• **Exercise requirements**:
Repeat the data word for word and skip the pictures.

• **Data provided**:
────────

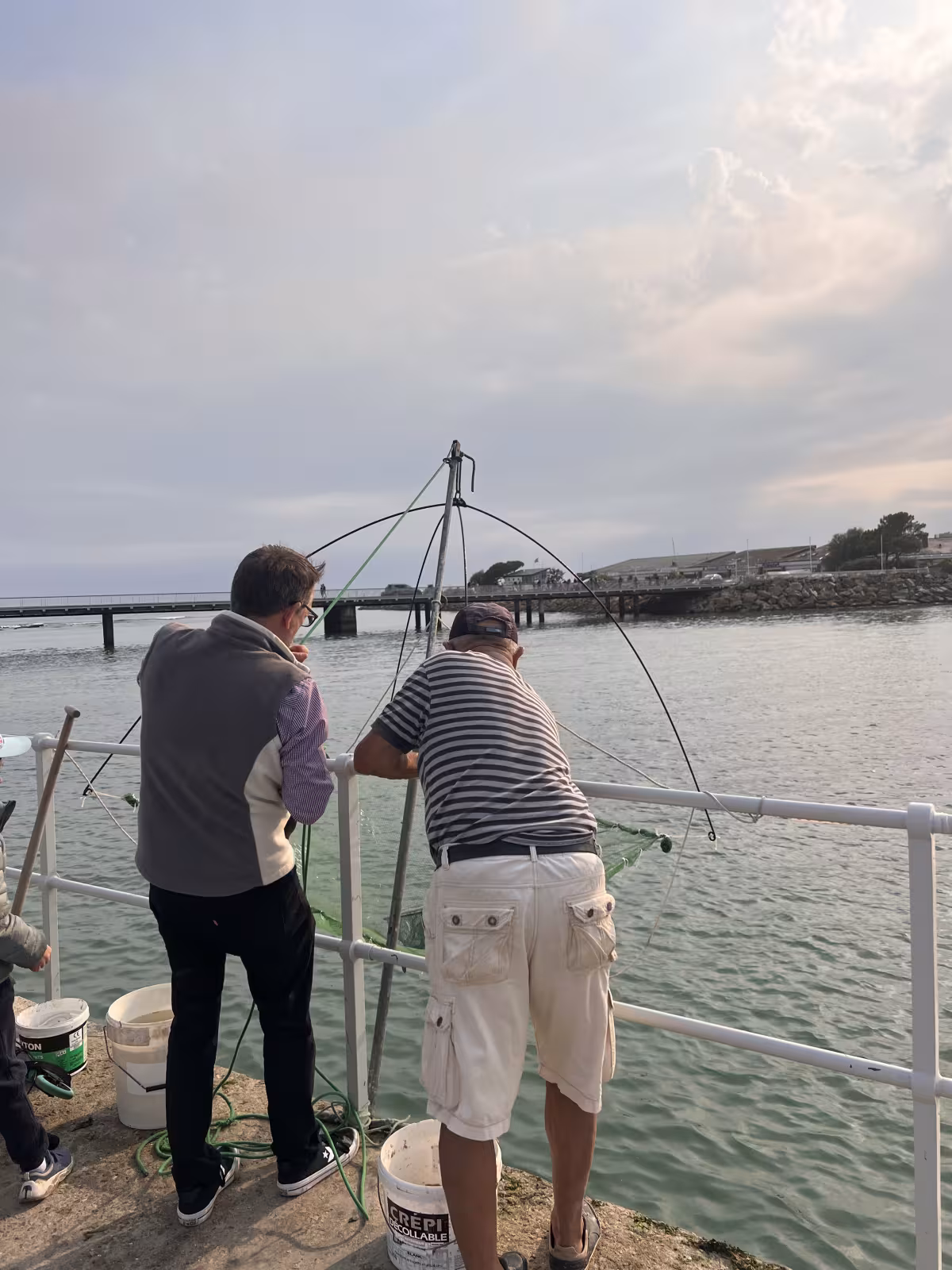 Pêche au carrelet sur la jetée de Pornichet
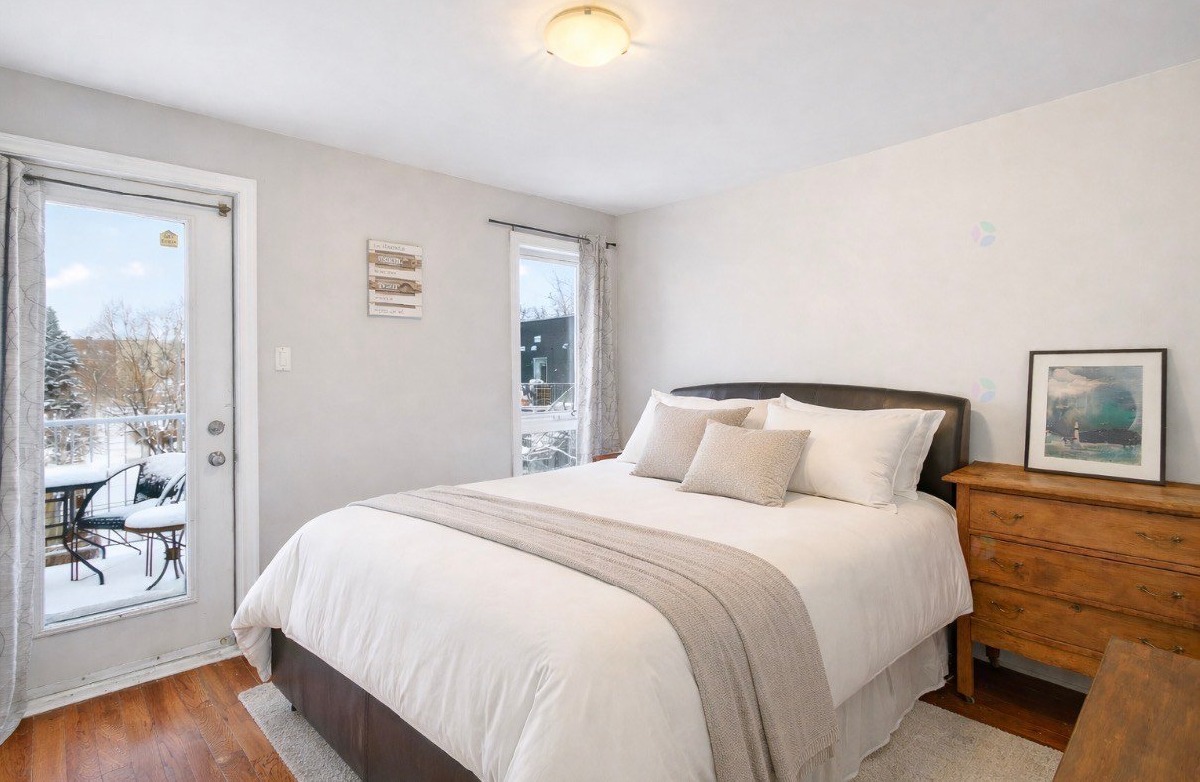 Beautiful 2-bedroom corner unit with garage, Vieux-Rosemont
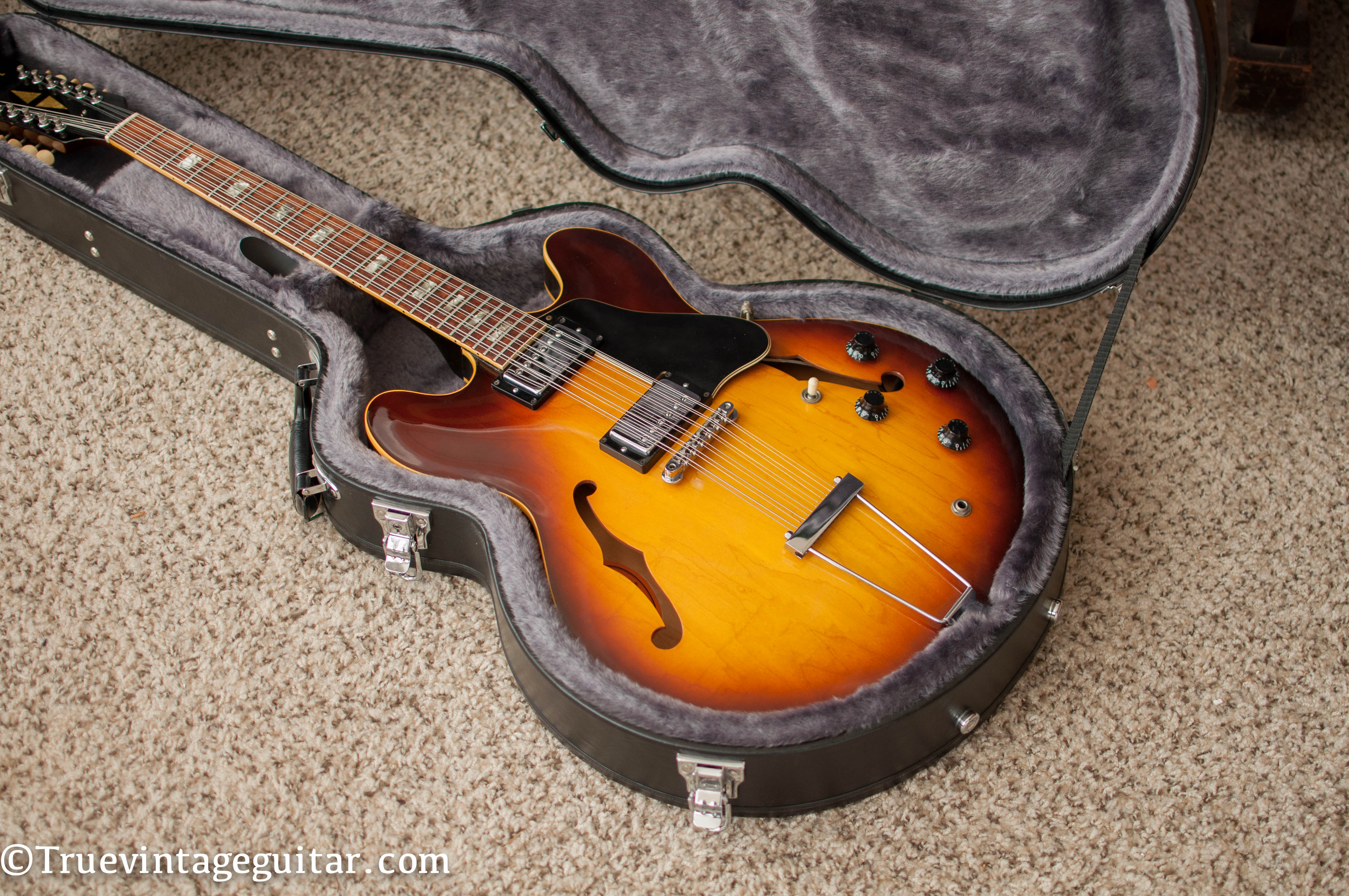 Vintage 1969 Gibson ES-335-12 guitar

────────

• **Reply to the exercise**:
 Pêche au carrelet sur la jetée de Pornichet
 Beautiful 2-bedroom corner unit with garage, Vieux-Rosemont
 Vintage 1969 Gibson ES-335-12 guitar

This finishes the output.